Ali Asgari und Alireza Khatami zeigen in neun Episoden den iranischen Alltagsirrsinn. Die Kontrollparanoia des Regimes frisst sich in «Terrestrial Verses» in sämtliche nur erdenklichen Lebensbelange, was ohne realpolitischen Hintergrund zum Brüllen komisch wäre.

Formal sind alle neun Episoden mit einem fest installierten Bildausschnitt frontal gefilmt, eingerahmt von einem geruhsamen Erwachsen der Millionenstadt Teheran und ihrem tektonischen Einsturz als eigentliches Kartenhaus und einem körperlich sichtbaren in sich Zusammensinken eines hundertjährigen Mannes (Ardeshir Kazemi). Ein junger Vater (Bahram Ark) möchte seinen Sohn ins Zivilstandsregister eintragen lassen, aber der gemeinsam mit der Mutter auserkorene Taufname ist nicht iranisch. Ein Schulmädchen (Arghavan Shabani) verschwindet während einer Anprobe zum ordentlichen Gewand für die Jahresabschlussfeier unter mehreren Laufmetern Stoff. Eine Schülerin (Servin Zabetian) wird von der Schulrektorin gelinde gesagt erpresst, weil sie anscheinend dabei gesehen worden ist, wie sie sich von einem unbekannten Mann auf dem Motorrad hat in die Schule fahren lassen. Eine Autofahrerin (Sadaf Asgari) muss um die Beibehaltung ihrer Fahrerlaubnis zittern, weil unscharfe Überwachungskameras eine Person ohne Kopftuch am Steuer ihres Autos zeigen. Eine überqualifizierte Bewerberin für eine Stelle als Bürokraft (Faezeh Rad) könnte sich allfällig für eine der künftig frei werdenden Stellen in Position bringen, würde sie sich nur ein klein wenig zutraulicher geben.

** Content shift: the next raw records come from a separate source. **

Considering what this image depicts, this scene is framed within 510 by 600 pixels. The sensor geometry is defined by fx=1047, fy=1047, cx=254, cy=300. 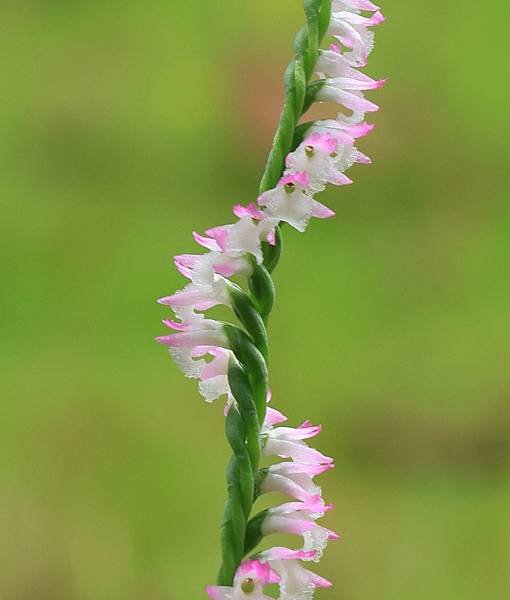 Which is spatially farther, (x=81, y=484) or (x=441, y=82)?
(x=441, y=82)

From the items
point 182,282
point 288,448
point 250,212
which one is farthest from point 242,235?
point 182,282

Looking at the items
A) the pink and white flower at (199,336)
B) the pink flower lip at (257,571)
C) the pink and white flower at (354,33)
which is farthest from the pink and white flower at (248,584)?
the pink and white flower at (354,33)

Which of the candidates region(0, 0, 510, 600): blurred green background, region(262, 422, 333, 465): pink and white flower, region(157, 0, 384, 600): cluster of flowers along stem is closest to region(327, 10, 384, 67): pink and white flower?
region(157, 0, 384, 600): cluster of flowers along stem

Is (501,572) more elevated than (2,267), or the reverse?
(2,267)

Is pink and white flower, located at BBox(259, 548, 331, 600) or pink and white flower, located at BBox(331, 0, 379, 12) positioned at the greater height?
pink and white flower, located at BBox(331, 0, 379, 12)

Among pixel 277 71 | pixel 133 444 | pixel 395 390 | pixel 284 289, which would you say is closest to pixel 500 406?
pixel 395 390

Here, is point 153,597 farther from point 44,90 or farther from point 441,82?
point 441,82

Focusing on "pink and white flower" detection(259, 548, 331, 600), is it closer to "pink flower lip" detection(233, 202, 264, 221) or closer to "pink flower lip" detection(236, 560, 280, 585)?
"pink flower lip" detection(236, 560, 280, 585) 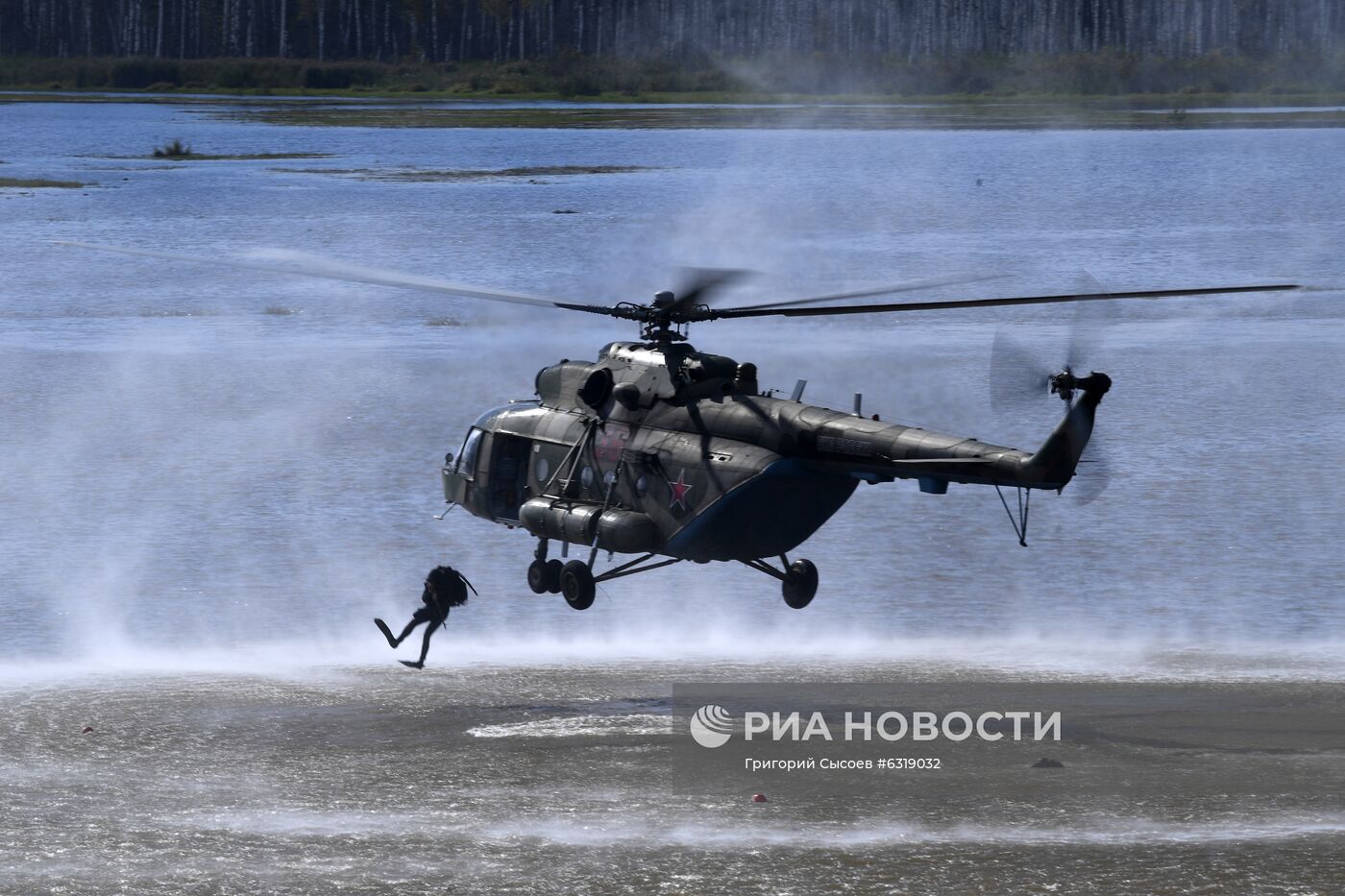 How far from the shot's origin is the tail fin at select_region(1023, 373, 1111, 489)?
23.0 m

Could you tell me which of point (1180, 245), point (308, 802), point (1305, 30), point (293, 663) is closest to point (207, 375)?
point (293, 663)

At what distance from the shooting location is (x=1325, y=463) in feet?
153

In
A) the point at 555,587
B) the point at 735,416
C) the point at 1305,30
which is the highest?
the point at 1305,30

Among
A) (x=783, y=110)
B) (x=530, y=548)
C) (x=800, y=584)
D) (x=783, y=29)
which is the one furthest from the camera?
(x=783, y=110)

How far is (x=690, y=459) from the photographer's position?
26.0 metres

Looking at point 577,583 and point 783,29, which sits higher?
point 783,29

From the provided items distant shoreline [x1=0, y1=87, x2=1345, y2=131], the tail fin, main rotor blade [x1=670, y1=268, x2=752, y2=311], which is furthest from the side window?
distant shoreline [x1=0, y1=87, x2=1345, y2=131]

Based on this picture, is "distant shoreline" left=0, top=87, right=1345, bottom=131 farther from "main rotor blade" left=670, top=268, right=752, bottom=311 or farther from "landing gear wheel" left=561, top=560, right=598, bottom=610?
"landing gear wheel" left=561, top=560, right=598, bottom=610

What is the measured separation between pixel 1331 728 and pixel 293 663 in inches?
618

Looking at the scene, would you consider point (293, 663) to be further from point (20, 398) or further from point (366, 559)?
point (20, 398)

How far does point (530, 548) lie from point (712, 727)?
15151mm

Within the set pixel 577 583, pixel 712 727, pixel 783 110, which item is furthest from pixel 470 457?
pixel 783 110

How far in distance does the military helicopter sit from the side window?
26mm

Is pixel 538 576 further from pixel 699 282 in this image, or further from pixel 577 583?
pixel 699 282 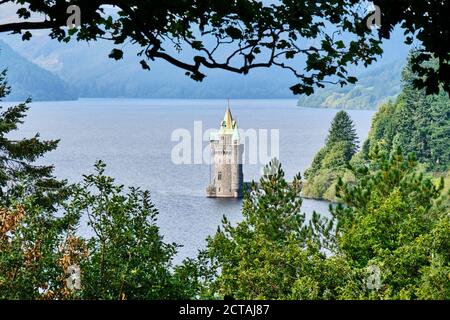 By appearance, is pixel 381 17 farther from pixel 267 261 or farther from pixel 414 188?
pixel 414 188

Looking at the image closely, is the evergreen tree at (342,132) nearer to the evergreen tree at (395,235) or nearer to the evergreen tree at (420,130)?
the evergreen tree at (420,130)

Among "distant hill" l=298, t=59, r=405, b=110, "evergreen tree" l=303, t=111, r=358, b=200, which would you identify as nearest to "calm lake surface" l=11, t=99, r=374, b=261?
"evergreen tree" l=303, t=111, r=358, b=200

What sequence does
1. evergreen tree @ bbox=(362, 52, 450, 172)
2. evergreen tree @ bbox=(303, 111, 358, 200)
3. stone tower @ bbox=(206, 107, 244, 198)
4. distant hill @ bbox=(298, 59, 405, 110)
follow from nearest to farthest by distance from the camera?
1. evergreen tree @ bbox=(303, 111, 358, 200)
2. evergreen tree @ bbox=(362, 52, 450, 172)
3. stone tower @ bbox=(206, 107, 244, 198)
4. distant hill @ bbox=(298, 59, 405, 110)

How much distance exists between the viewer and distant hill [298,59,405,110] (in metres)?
172

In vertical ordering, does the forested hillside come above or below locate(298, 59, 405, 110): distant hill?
below

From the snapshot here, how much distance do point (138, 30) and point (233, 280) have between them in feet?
39.8

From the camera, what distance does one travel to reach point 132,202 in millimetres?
7520

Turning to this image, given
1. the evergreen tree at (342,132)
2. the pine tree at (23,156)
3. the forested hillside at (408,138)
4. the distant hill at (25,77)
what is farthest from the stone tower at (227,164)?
the distant hill at (25,77)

Ein junger Mann (Hossein Soleymani) will nach bestandener Fahrprüfung seinen Führerschein abholen und muss sich dafür nicht nur im übertragenen Sinn nackig ausziehen. Ein Bauarbeiter (Majid Salehi) muss seine Berufsqualifikation während eines Bewerbungsgespräches über die strikte rituelle Einhaltung der Gebetswaschung unter Beweis stellen. Ein Filmemacher (Farzin Mohades) verteidigt sein Drehbuch vor der Zensurbehörde. Eine Frau (Gouhar Kheir Andish) fragt auf dem Polizeiposten nach dem Verbleib ihres polizeilich eingesammelten Hundes.

Absurde Regeln erzeugen sinnfreie Lösungen

Die neun Personen stehen immer in einem Abhängigkeitsverhältnis zu einem Gegenüber, das seine/ihre Macht nicht allein aus reiner Bosheit bis zuletzt auskostet, sondern selbst darauf angewiesen ist, eifersüchtig auf die Einhaltung der absurdesten Regel zu achten, um diese vermeintlich privilegierte Berufssituation auch fürderhin ausüben zu dürfen. Die beiden Filmemacher sind klug darin, offensichtliche Widersprüche nicht in ein- und derselben Episode in sich aufzulösen, sondern bieten einem aufmerksamen Publikum mehrere parallele Spannungsbögen, die sich genauso unerwartet, wie sie sich etabliert haben, auch wieder auflösen und in dieser Weise letztlich einen eigentlichen Kommentar bilden. Darin sind das Duzen von Arbeitssuchenden und die höchstens leidlich verklausulierte sexuelle Annäherung an Untergebene die noch am geringsten perfiden Auswüchse.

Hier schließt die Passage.